Task:
Taking the listing below, restate word for word each line from the line with "Google(グーグル)のGoogle Home Mini" to the line with "Le bistrot des Thuiles", ends included, and stop there.

Task data:
# # # #

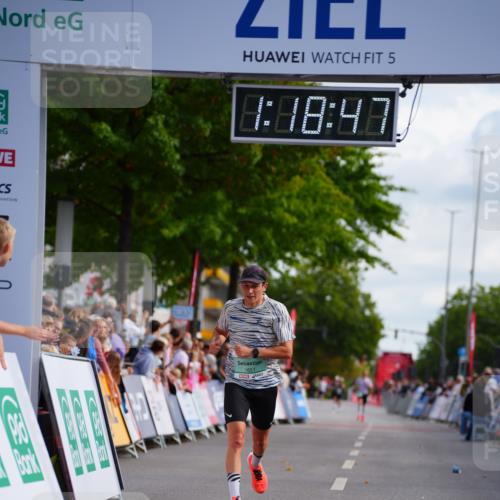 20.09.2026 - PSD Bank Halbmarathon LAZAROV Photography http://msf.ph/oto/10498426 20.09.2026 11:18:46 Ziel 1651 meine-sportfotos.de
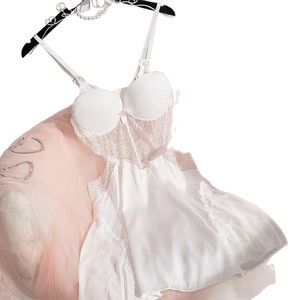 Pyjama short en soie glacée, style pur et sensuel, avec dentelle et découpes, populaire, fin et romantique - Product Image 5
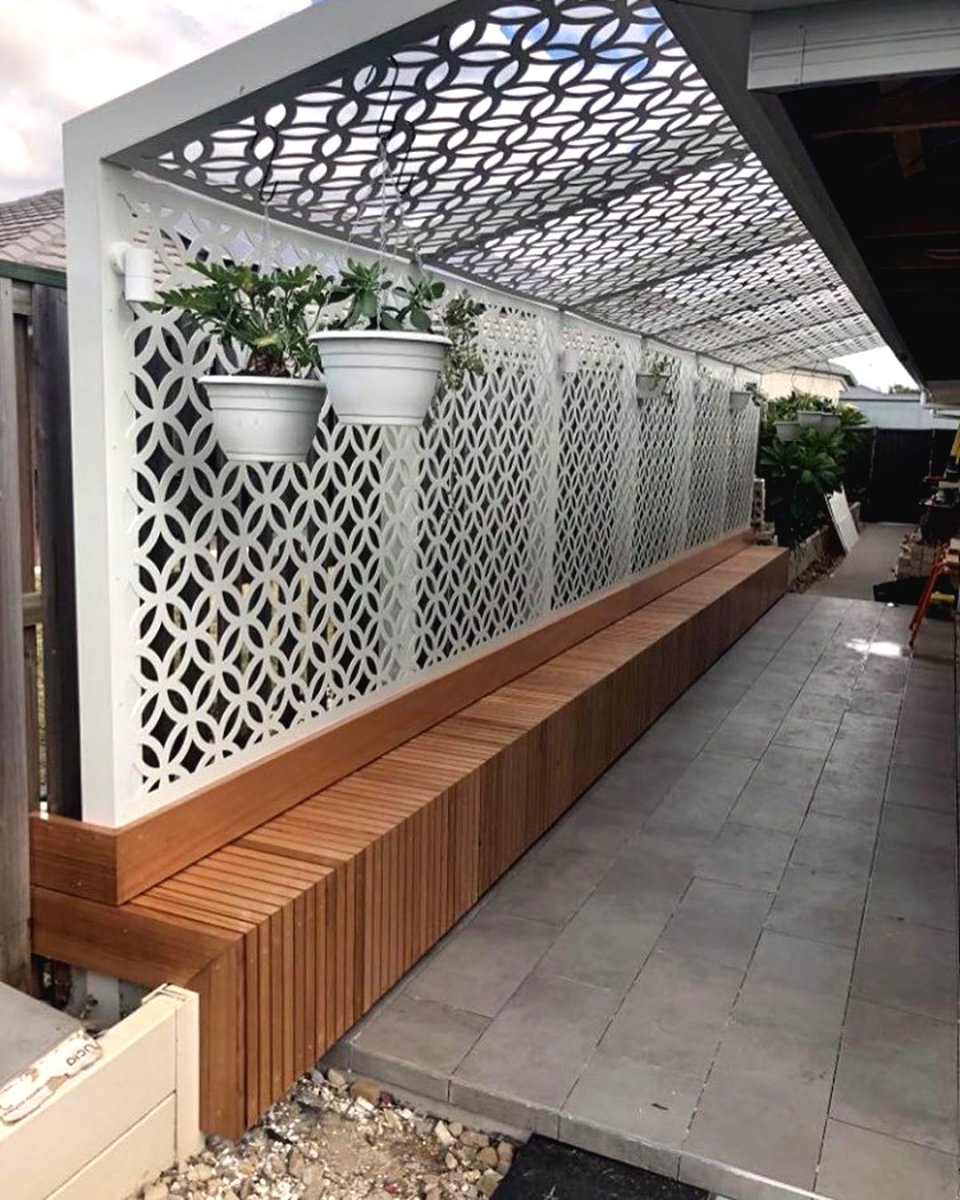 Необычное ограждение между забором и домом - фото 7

# # # #

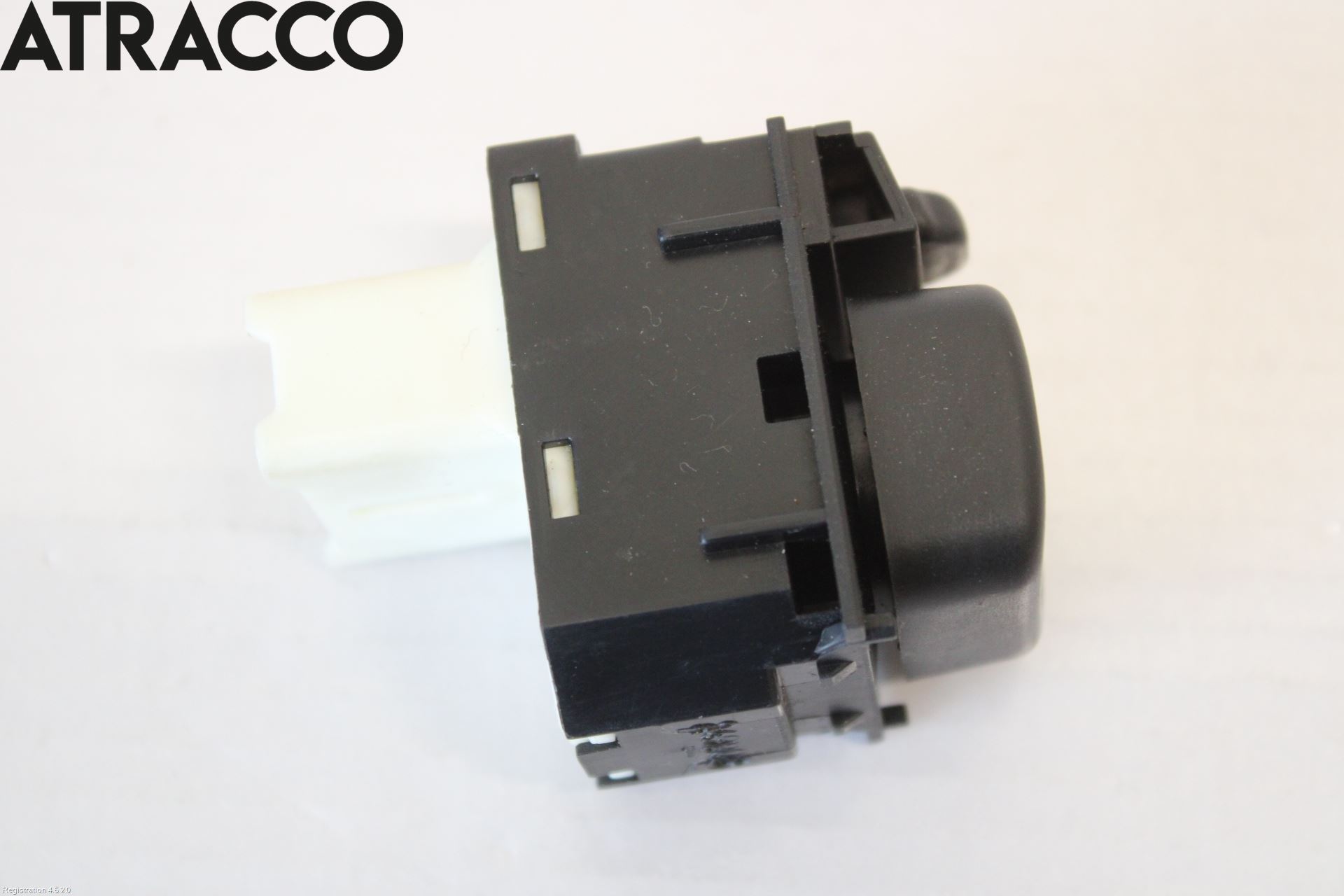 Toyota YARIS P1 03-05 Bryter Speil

# # # #

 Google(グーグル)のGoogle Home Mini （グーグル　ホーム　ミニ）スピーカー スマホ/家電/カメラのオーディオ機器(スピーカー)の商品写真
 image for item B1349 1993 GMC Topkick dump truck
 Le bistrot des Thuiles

# # # #

Answer to the exercise:
 Google(グーグル)のGoogle Home Mini （グーグル　ホーム　ミニ）スピーカー スマホ/家電/カメラのオーディオ機器(スピーカー)の商品写真
 image for item B1349 1993 GMC Topkick dump truck
 Le bistrot des Thuiles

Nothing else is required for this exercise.